### What you are asked to do
Nothing but the lines from the one showing "105 Louise Ln, San Mateo, CA 94403-3348" through the final line of the data below belongs in the answer, duplicated exactly and without pictures.

Pictures with short captions
------------------------------------
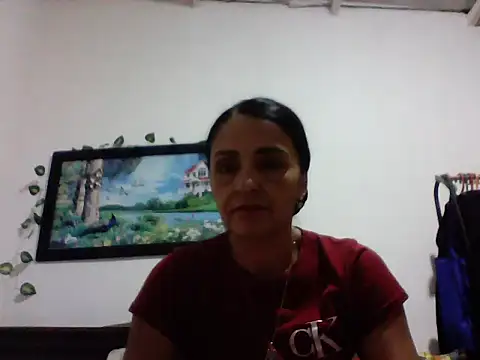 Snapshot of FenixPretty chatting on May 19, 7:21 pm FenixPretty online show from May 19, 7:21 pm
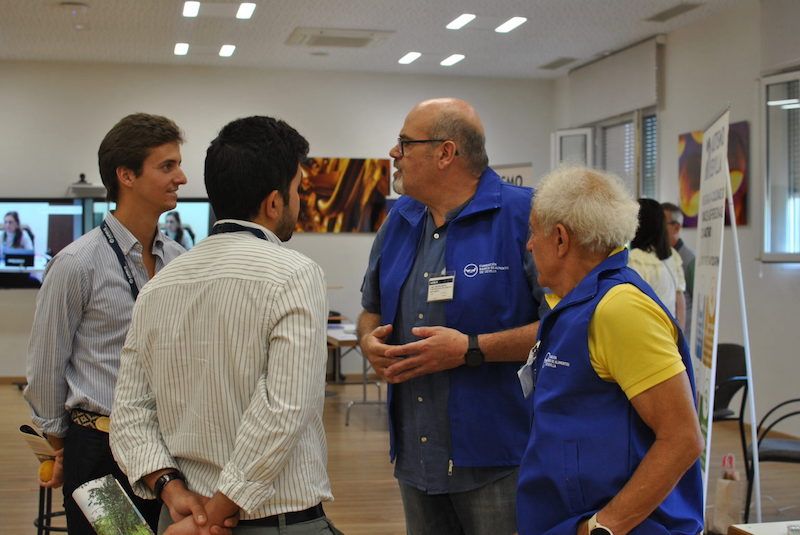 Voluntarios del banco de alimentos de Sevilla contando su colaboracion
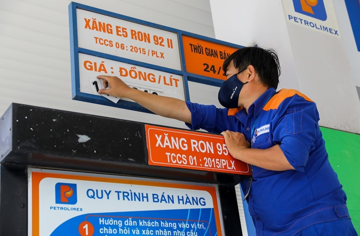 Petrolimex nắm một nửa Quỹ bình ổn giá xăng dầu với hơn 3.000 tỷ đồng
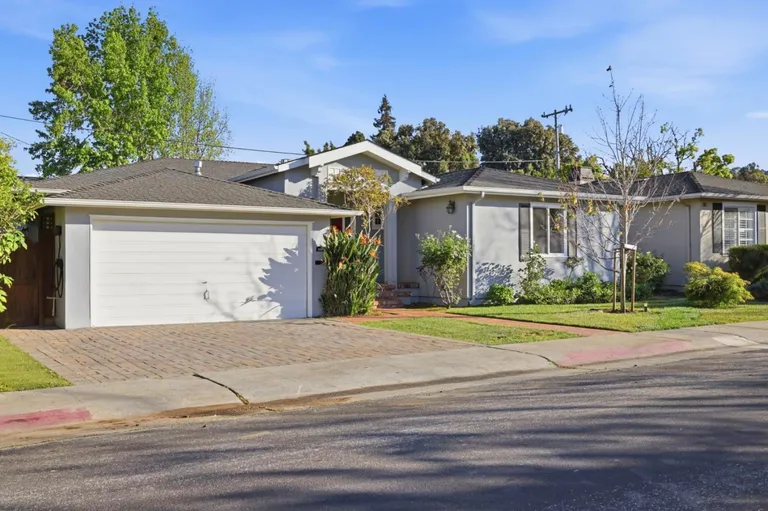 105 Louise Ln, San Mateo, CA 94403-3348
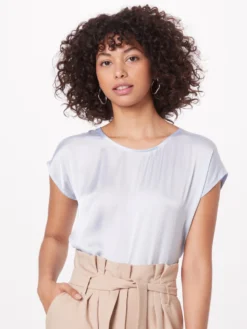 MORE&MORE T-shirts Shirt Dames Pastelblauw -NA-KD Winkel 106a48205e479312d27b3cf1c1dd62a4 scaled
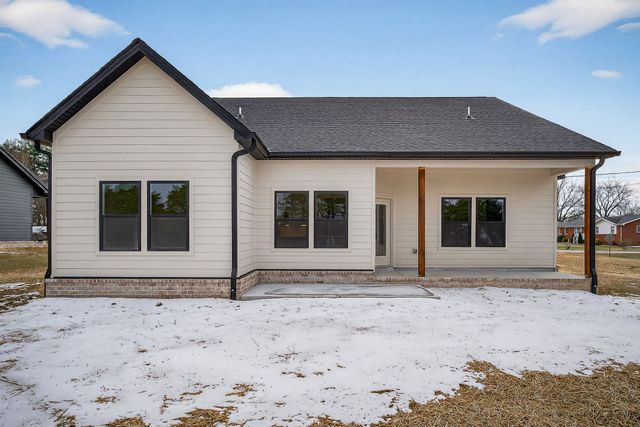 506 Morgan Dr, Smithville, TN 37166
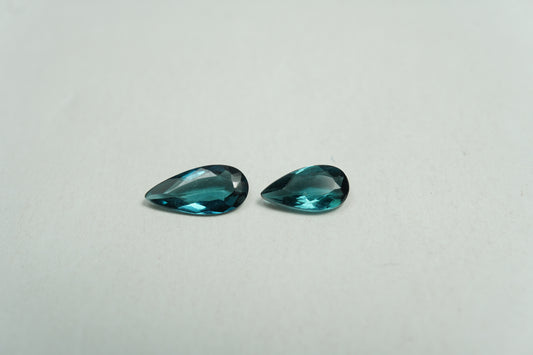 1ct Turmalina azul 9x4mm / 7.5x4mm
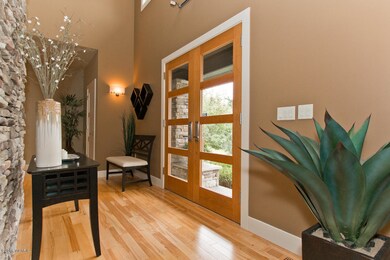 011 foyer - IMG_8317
------------------------------------
### Response area
 105 Louise Ln, San Mateo, CA 94403-3348
 MORE&MORE T-shirts Shirt Dames Pastelblauw -NA-KD Winkel 106a48205e479312d27b3cf1c1dd62a4 scaled
 506 Morgan Dr, Smithville, TN 37166
 1ct Turmalina azul 9x4mm / 7.5x4mm
 011 foyer - IMG_8317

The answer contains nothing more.